People that live at the end of Dirt Roads learn early on that life is a bumpy ride. That it can jar you right down to your teeth sometimes, but it's worth it, if at the end is home...a loving spouse, happy kids and a dog.

We wouldn't have near the trouble with our educational system if our kids got their exercise walking a Dirt Road with other kids, from whom they learn how to get along. There was less crime in our streets before they were paved.

Criminals didn't walk two dusty miles to rob or rape, if they knew they'd be welcomed by 5 barking dogs and a double barrel shotgun, and there were no drive by shootings. Our values were better when our roads were worse!

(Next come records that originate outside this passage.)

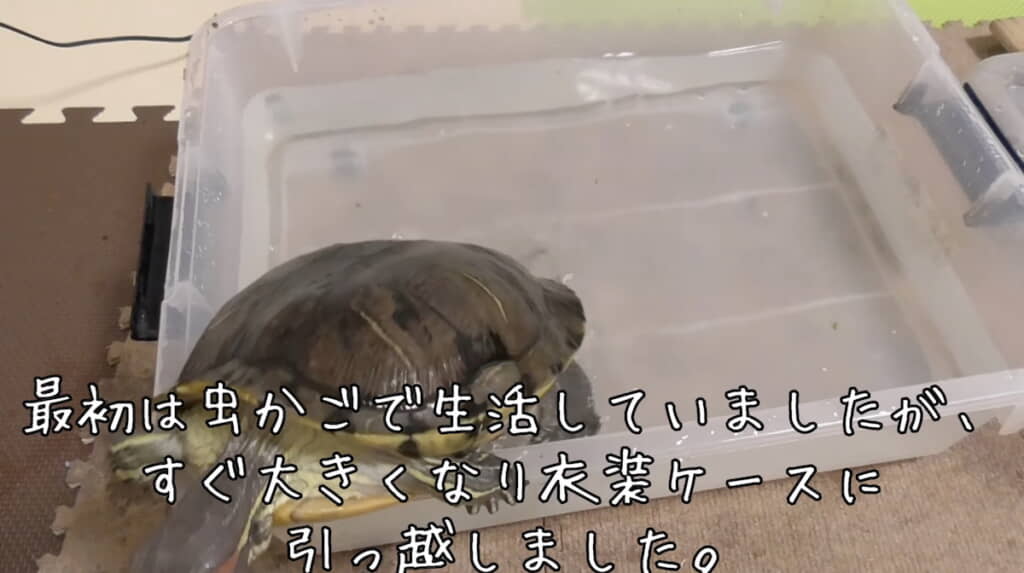 衣装ケースを自由に出入り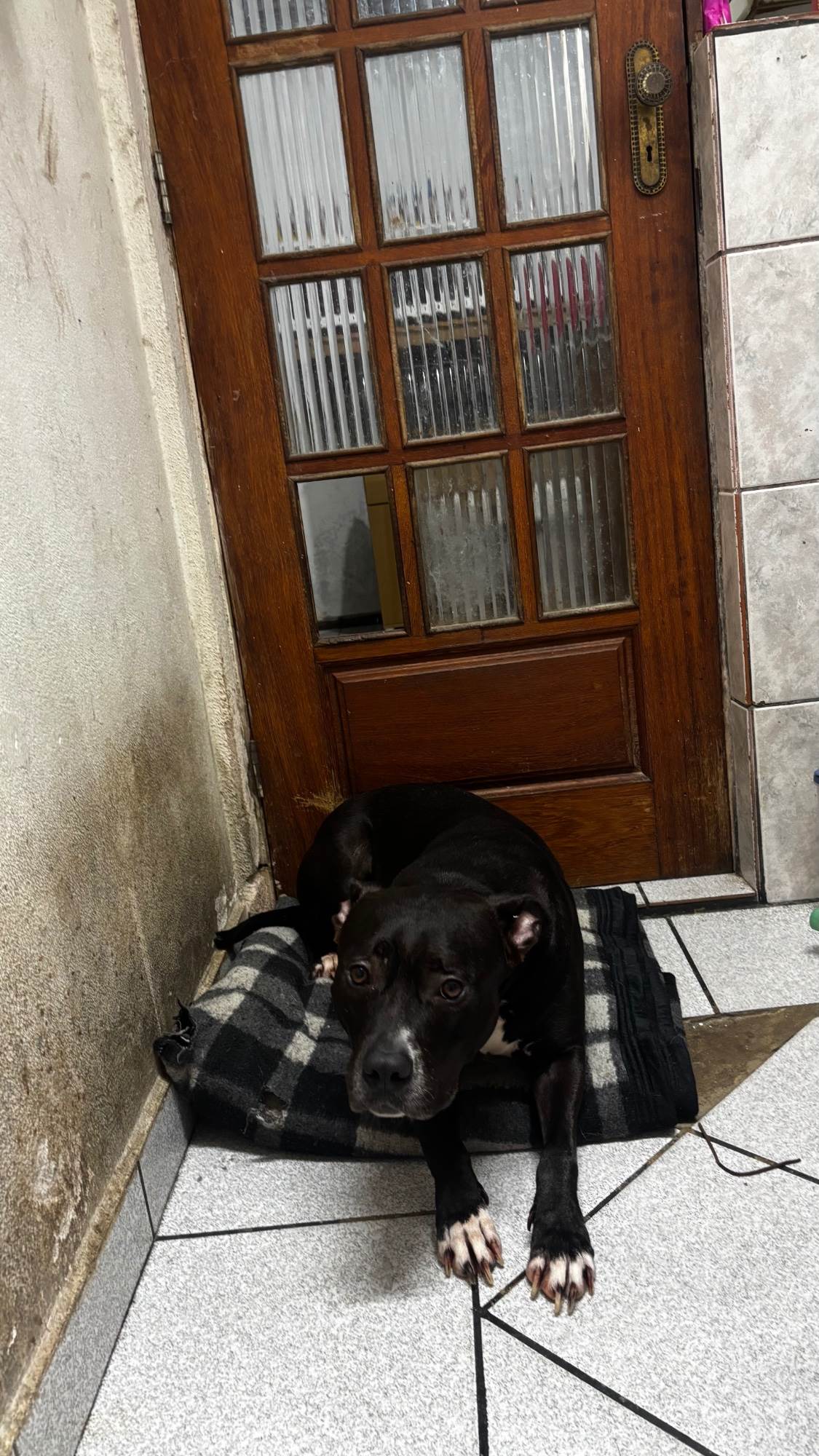 Belinha  para adoção | foto 3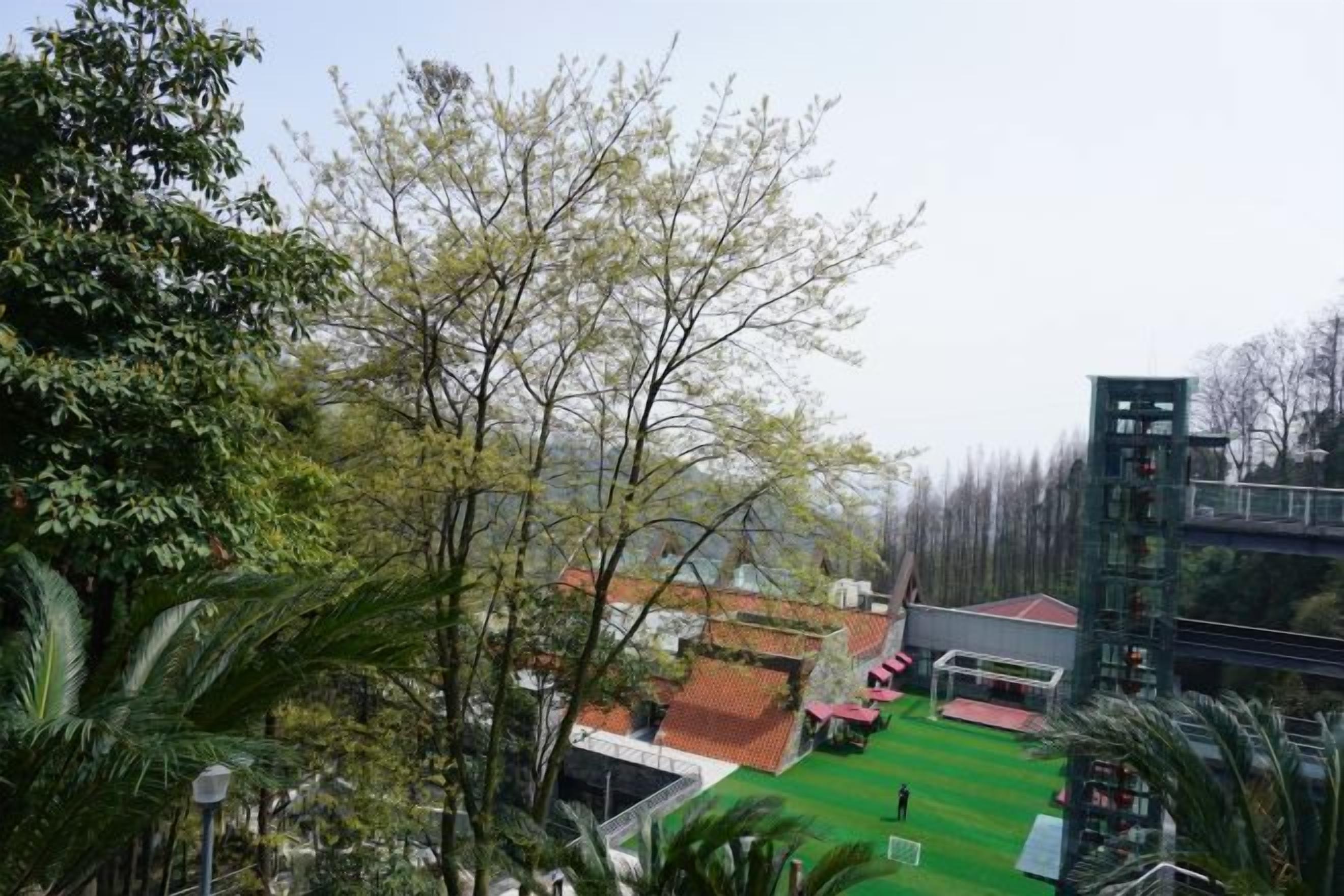 Un barrio residencial con un césped verde, un edificio de techo rojo y una estructura alta al fondo.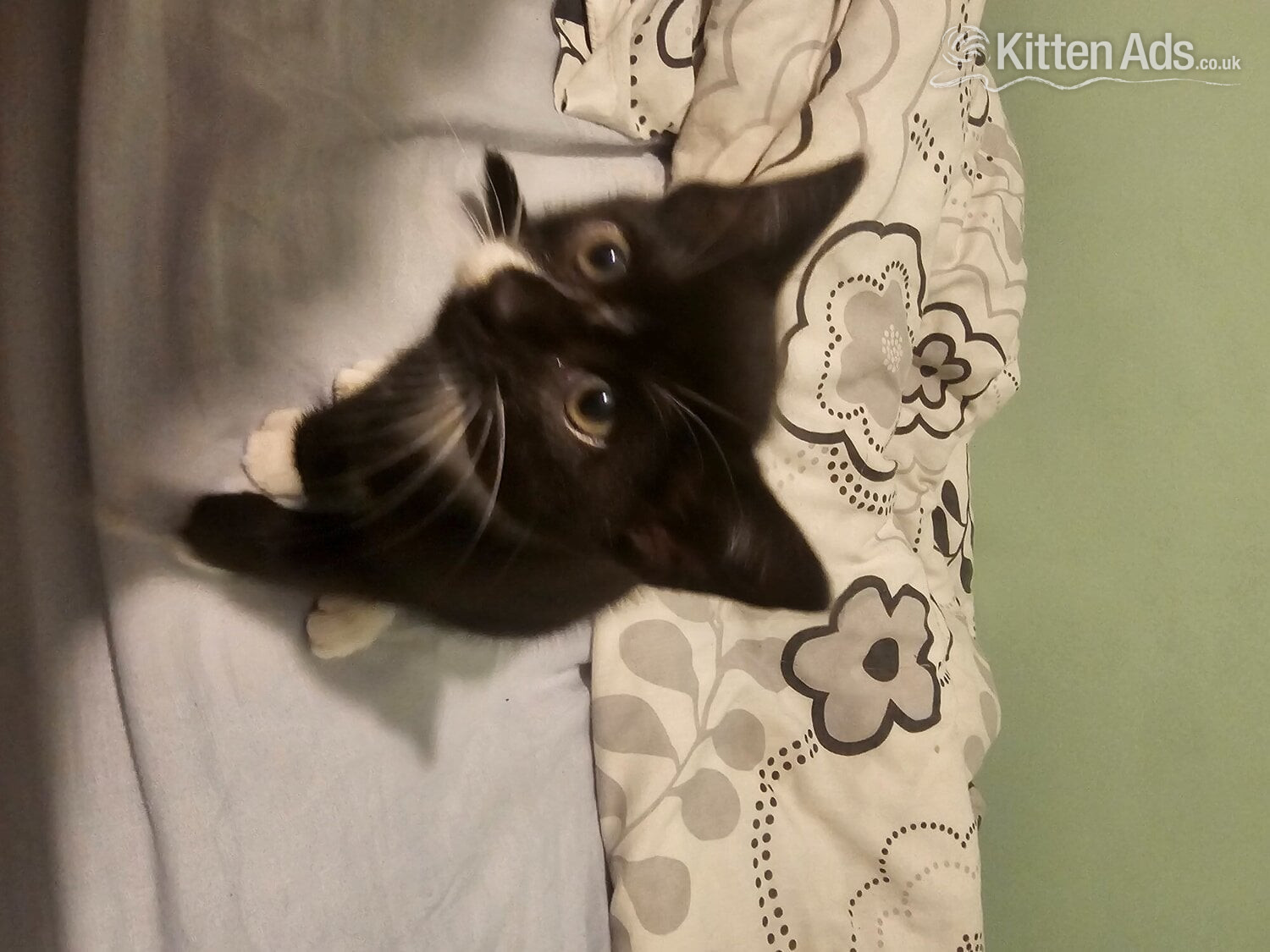 Lovely Kittens for sale - 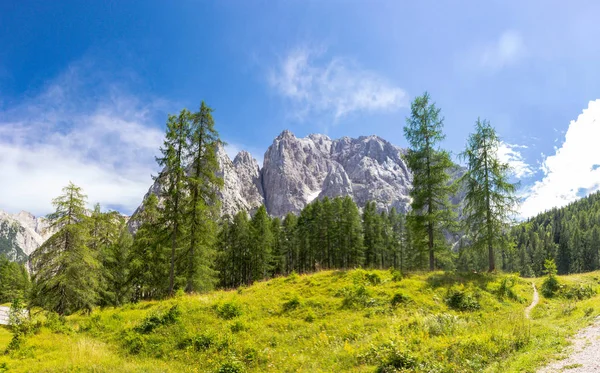 Sommar i Triglav nationalpark, Slovenien Stockfoto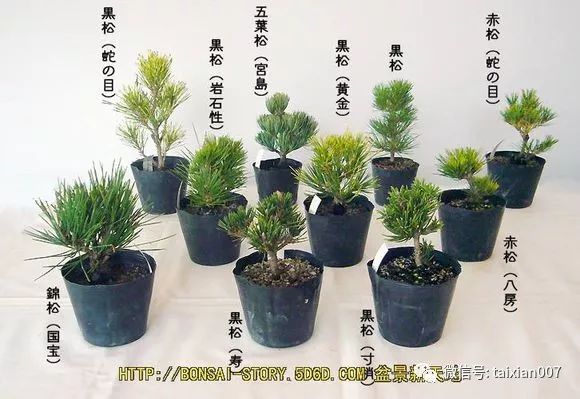 环境保护 第65页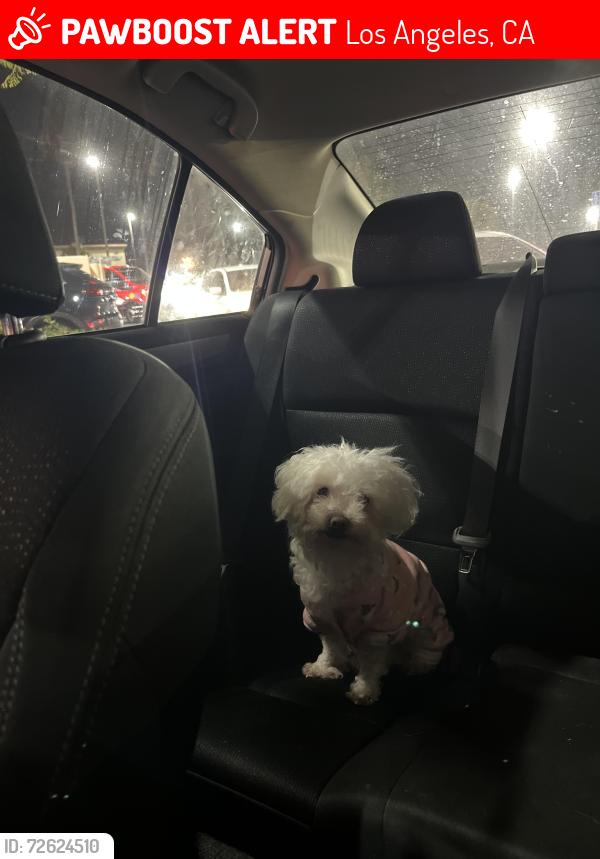 Lost Female Dog last seen San Pedro and 99th , Los Angeles, CA 90003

People did not worship their cars more than their kids, and motorists were more courteous, they didn't tailgate by riding the bumper or the guy in front would choke you with dust and bust your windshield with rocks. Dirt Roads taught patience.

Dirt Roads were environmentally friendly, you didn't hop in your car for a quart of milk you walked to the barn for your milk. For your mail, you walked to the mail box.

What if it rained and the Dirt Road got washed out? That was the best part, then you stayed home and had some family time, roasted marshmallows and popped popcorn and pony rode on Daddy's shoulders and learned how to make prettier quilts than anybody.

At the end of Dirt Roads, you soon learned that bad words tasted like soap.

Most paved roads lead to trouble, Dirt Roads more likely lead to a fishing creek or a swimming hole. At the end of a Dirt Road, the only time we even locked our car was in August, because if we didn't some neighbor would fill it with too much zucchini.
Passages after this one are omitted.